Title: Integrating Dictionaries into Neural Machine Translation

Abstract: Human translators often resort to external knowledge sources when translating a text. If a word or phrase has a one-to-many mapping from the source language to the target language, then additional context must be either provided in the text itself or retrieved from an external knowledge source, such as dictionaries, thesauruses, or encyclopedias. At present, neural machine translation (NMT) systems are unable to retrieve any additional information not already included in the training data. Moreover, rare words, i.e. those that occur with a low frequency or are otherwise absent from the training corpus, present a challenge for current NMT systems since they are not often seen enough in context. In the past, attempts have been made to append dictionaries to training corpora directly, but those attempts proved ineffective in the current neural era without the surrounding context of the source sentence.
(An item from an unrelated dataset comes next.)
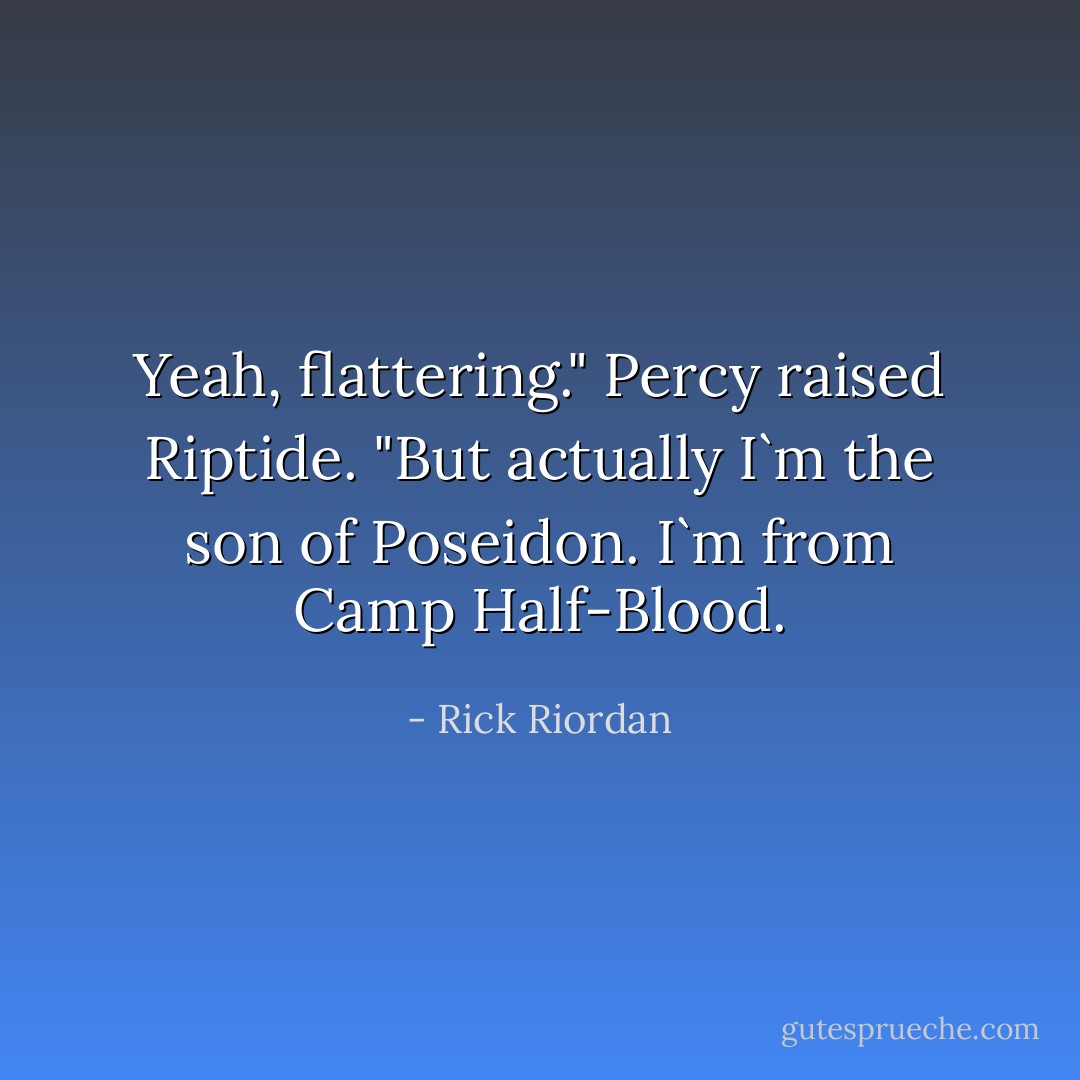 Yeah, flattering." Percy raised Riptide. "But actually I`m the son of Poseidon. I`m from Camp Half-Blood. - Rick Riordan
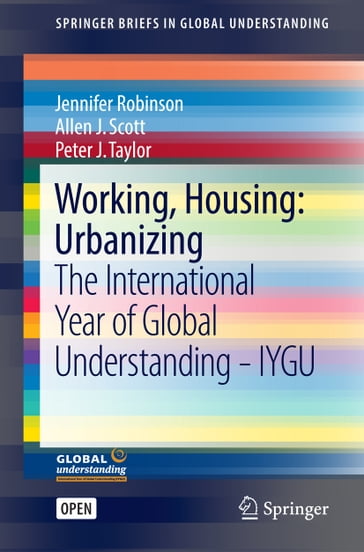 Working, Housing: Urbanizing - Jennifer Robinson - Allen J. Scott - Peter J. Taylor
We propose a potential solution to help alleviate the rare word problem: integrate mono- and bilingual dictionaries into NMT systems by using attention masking to associate rare words in the input sequence with their corresponding mono- and bilingual definitions, giving the model the additional context necessary to produce an accurate translation.

Bio: Ken Sible is a second-year PhD student in Dr. David Chiang’s NLP Lab at the University of Notre Dame. His primary research focus is on improving neural machine translation by incorporating external knowledge sources. His research interests are in machine translation and computational linguistics.